In some embodiments, determining the tracked objects may include determining bounding boxes of the tracked objects in the environment of the vehicle based on sensor data.


In some embodiments, the main understanding model can produce a road user inference that selects between road user classifications and an unknown object classification.


In some embodiments, the sensor data corresponding to the tracked object having the unknown object classification may include an image cropped based on a projection of a bounding box corresponding to the tracked object onto a camera image (captured by sensors of the AV).


In some embodiments, determining the plurality of inferences may include processing an output of the shared backbone by one or more temporal networks. Determining the plurality of inferences can further include processing an output of the shared backbone by a plurality of temporal networks dedicated to generating separate outputs to the plurality of heads. Various configurations of temporal networks are illustrated in FIGS. 5 and 6.


Exemplary AV Management System

Turning now to FIG. 8, this figure illustrates an example of an AV management system 800, in which some of the aspects of the present disclosure can be implemented. One of ordinary skill in the art will understand that, for the AV management system 800 and any system discussed in the present disclosure, there may be additional or fewer components in similar or alternative configurations. The illustrations and examples provided in the present disclosure are for conciseness and clarity.
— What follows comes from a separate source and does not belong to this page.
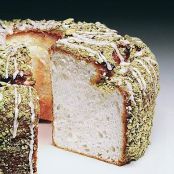 LIME ANGEL FOOD CAKE w/PISTACHIOS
Other embodiments may include different numbers and/or types of elements, but one of ordinary skill the art will appreciate that such variations do not depart from the scope of the present disclosure.


In this example, the AV management system 800 includes an AV 130, a data center 850, and a client computing device 870. The AV 130, the data center 850, and the client computing device 870 may communicate with one another over one or more networks (not shown), such as a public network (e.g., the Internet, an Infrastructure as a Service (IaaS) network, a Platform as a Service (PaaS) network, a Software as a Service (SaaS) network, another Cloud Service Provider (CSP) network, etc.), a private network (e.g., a Local Area Network (LAN), a private cloud, a Virtual Private Network (VPN), etc.), and/or a hybrid network (e.g., a multi-cloud or hybrid cloud network, etc.).


AV 130 may navigate about roadways without a human driver based on sensor signals generated by multiple sensor systems 804, 806, and 808. The sensor systems 804-808 may include different types of sensors and may be arranged about the AV 130. For instance, the sensor systems 804-808 may comprise Inertial Measurement Units (IMUs), cameras (e.g., still image cameras, video cameras, thermal cameras, signal cameras, etc.), light sensors (e.g., light detecting and ranging (LIDAR) systems, ambient light sensors, infrared sensors, etc.), RADAR systems, a Global Navigation Satellite System (GNSS) receiver, (e.g., Global Positioning System (GPS) receivers), audio sensors (e.g., microphones, Sound Navigation and Ranging (SONAR) systems, ultrasonic sensors, etc.), time-of-flight sensors, structured light sensor, infrared sensors, signal light sensors, thermal imaging sensors, engine sensors, speedometers, tachometers, odometers, altimeters, tilt sensors, impact sensors, airbag sensors, seat occupancy sensors, open/closed door sensors, tire pressure sensors, rain sensors, and so forth. For example, the sensor system 804 may be a camera system, the sensor system 806 may be a LIDAR system, and the sensor system 808 may be a RADAR system. Other embodiments may include any other number and type of sensors.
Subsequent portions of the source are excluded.